Task:
This task asks for the lines from the one with "this 1110×624 image." to the final line below, repeated exactly, with pictures omitted.
########################################
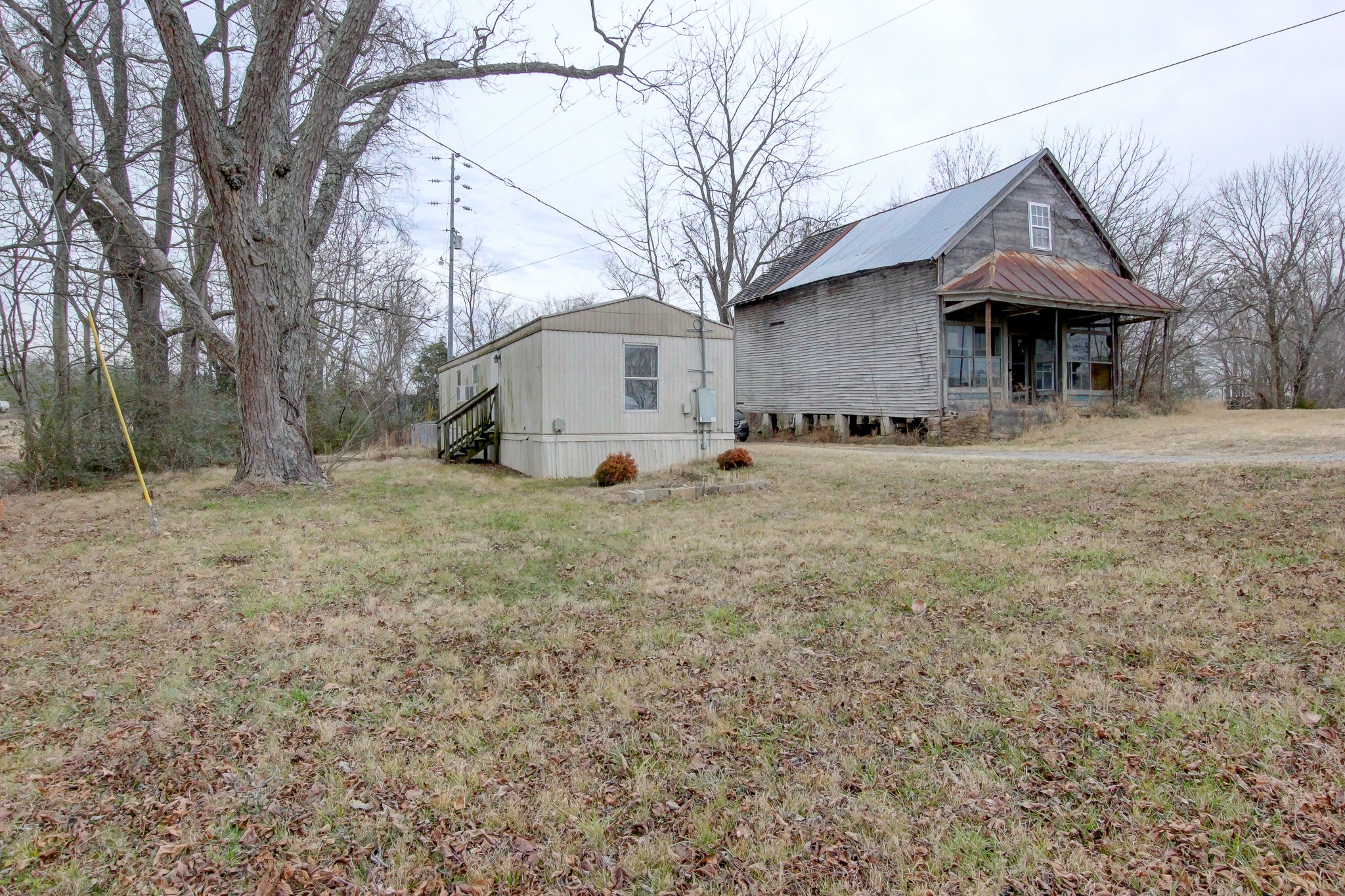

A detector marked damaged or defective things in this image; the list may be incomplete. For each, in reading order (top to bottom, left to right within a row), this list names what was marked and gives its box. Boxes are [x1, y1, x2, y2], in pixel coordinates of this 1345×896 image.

rusted porch roof panel [936, 253, 1178, 316]
rusty metal roof [941, 251, 1183, 316]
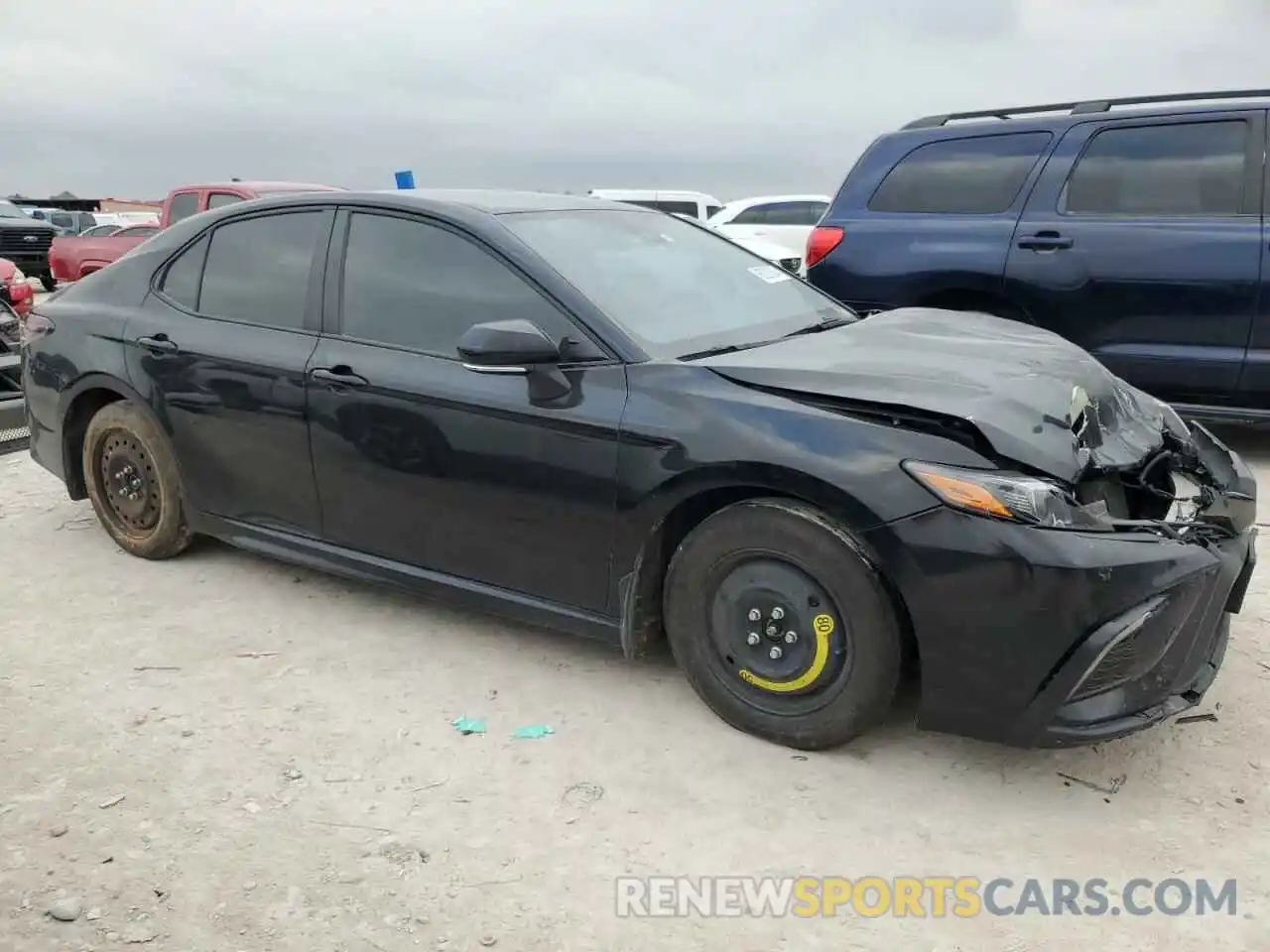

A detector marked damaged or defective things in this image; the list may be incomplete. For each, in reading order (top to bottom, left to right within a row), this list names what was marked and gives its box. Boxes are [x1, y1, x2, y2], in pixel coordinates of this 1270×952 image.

crumpled front hood [698, 307, 1175, 484]
cracked headlight [897, 460, 1103, 528]
damaged front bumper [869, 422, 1254, 746]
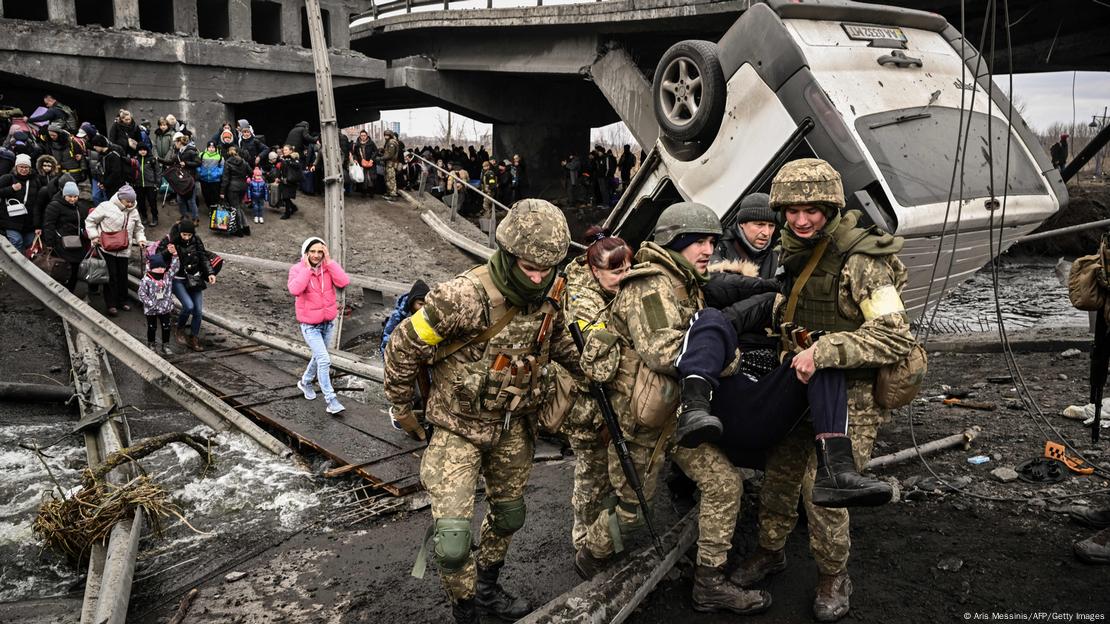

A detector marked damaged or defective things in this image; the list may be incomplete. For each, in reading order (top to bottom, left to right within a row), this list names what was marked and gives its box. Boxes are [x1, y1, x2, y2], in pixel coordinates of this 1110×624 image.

overturned vehicle [608, 0, 1072, 316]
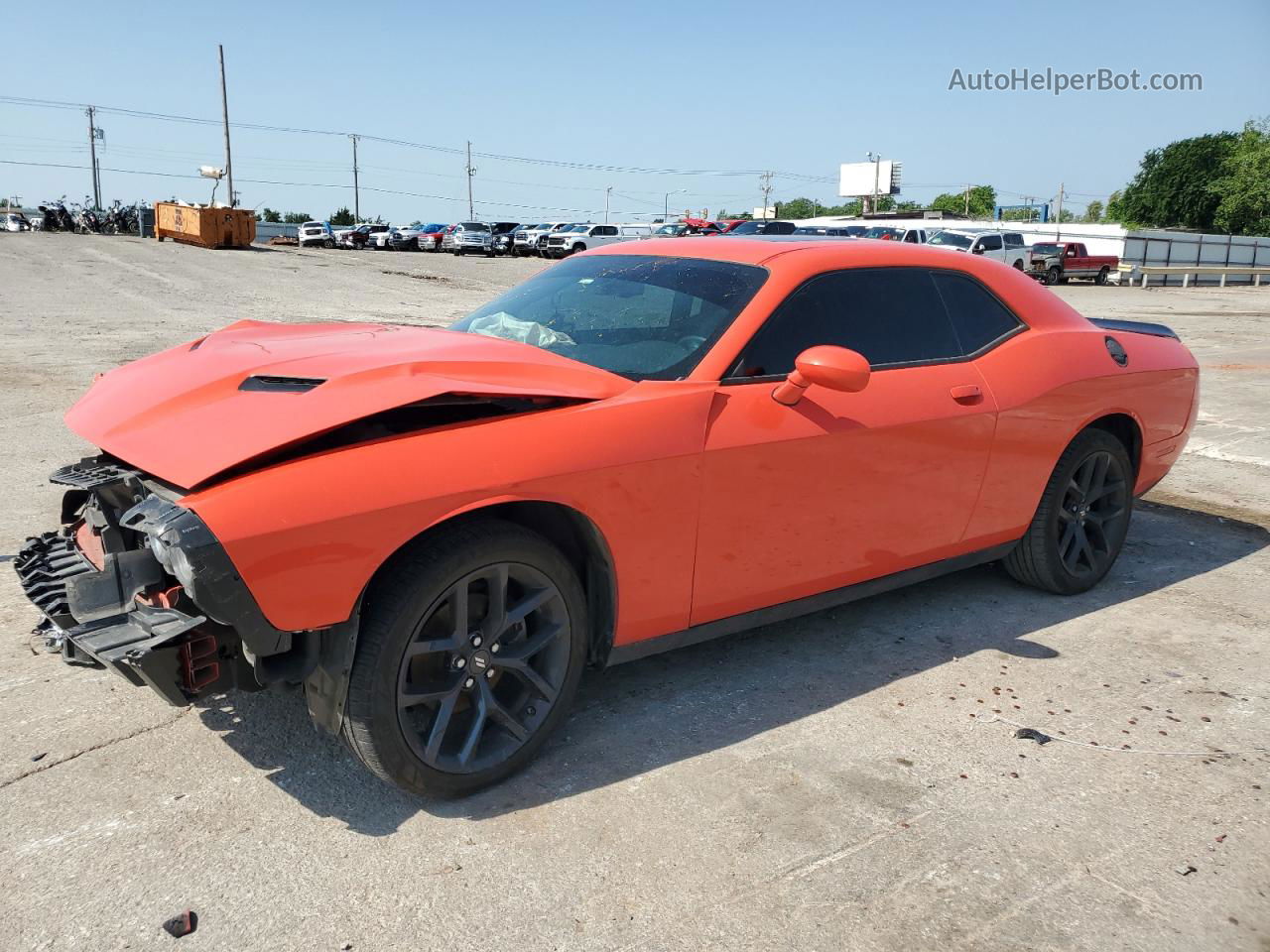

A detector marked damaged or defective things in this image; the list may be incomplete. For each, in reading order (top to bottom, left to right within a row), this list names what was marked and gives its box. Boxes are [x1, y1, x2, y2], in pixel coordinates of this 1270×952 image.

crumpled hood [66, 320, 632, 487]
damaged front end [16, 459, 322, 710]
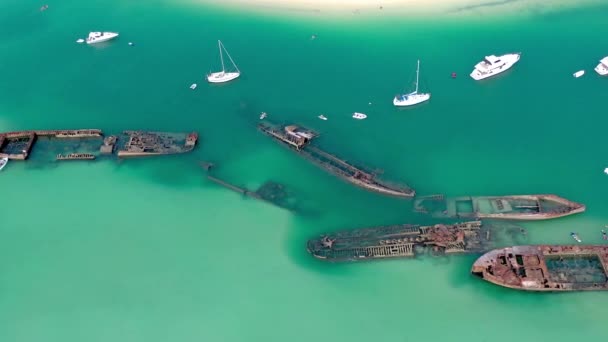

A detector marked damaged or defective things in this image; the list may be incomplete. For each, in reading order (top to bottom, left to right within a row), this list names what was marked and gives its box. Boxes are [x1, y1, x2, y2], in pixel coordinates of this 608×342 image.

rusted shipwreck [258, 122, 416, 198]
rusted shipwreck [414, 194, 584, 220]
rusted shipwreck [308, 220, 490, 260]
rusted shipwreck [472, 246, 608, 292]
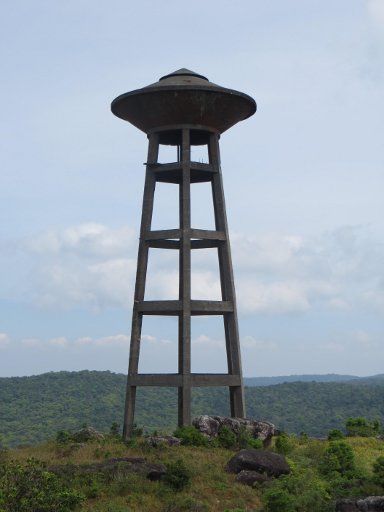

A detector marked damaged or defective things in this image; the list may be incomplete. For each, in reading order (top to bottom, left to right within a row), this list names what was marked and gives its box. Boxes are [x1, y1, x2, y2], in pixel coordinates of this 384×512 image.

rusty metal [109, 67, 256, 436]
########################################
Result for this exercise:
A detector marked damaged or defective things in this image; the list may be incomplete. For each, in reading order (top to bottom, left to right within a row), this list names what was marked and gives its box. Boxes are [x1, y1, x2, y2], in pixel coordinates of this 1110×624 image.

overturned vehicle [608, 0, 1072, 316]

A detector marked damaged or defective things in this image; the list may be incomplete. For each, in reading order (top to bottom, left to right within a row), this list names what was marked and gives its box. Boxes are [x1, y1, x2, y2], in pixel coordinates of this 1270×952 image.

crumpled hood [66, 320, 632, 487]
damaged front end [16, 459, 322, 710]

A detector marked damaged or defective things in this image; the list may be incomplete. For each, in reading order (top to bottom, left to right within a row), this list names what was marked and gives its box. Boxes are [x1, y1, x2, y2], in pixel coordinates of this 608×342 image.

rusted shipwreck [258, 122, 416, 198]
rusted shipwreck [414, 194, 584, 220]
rusted shipwreck [308, 220, 490, 260]
rusted shipwreck [472, 246, 608, 292]

A detector marked damaged or defective things in this image; the list may be incomplete. For each, in reading order (top to bottom, left to right within a row), this list names what was marked and gives its box. Boxes are [x1, y1, x2, y2], in pixel coordinates of this 384×512 image.

rusty metal [109, 67, 256, 436]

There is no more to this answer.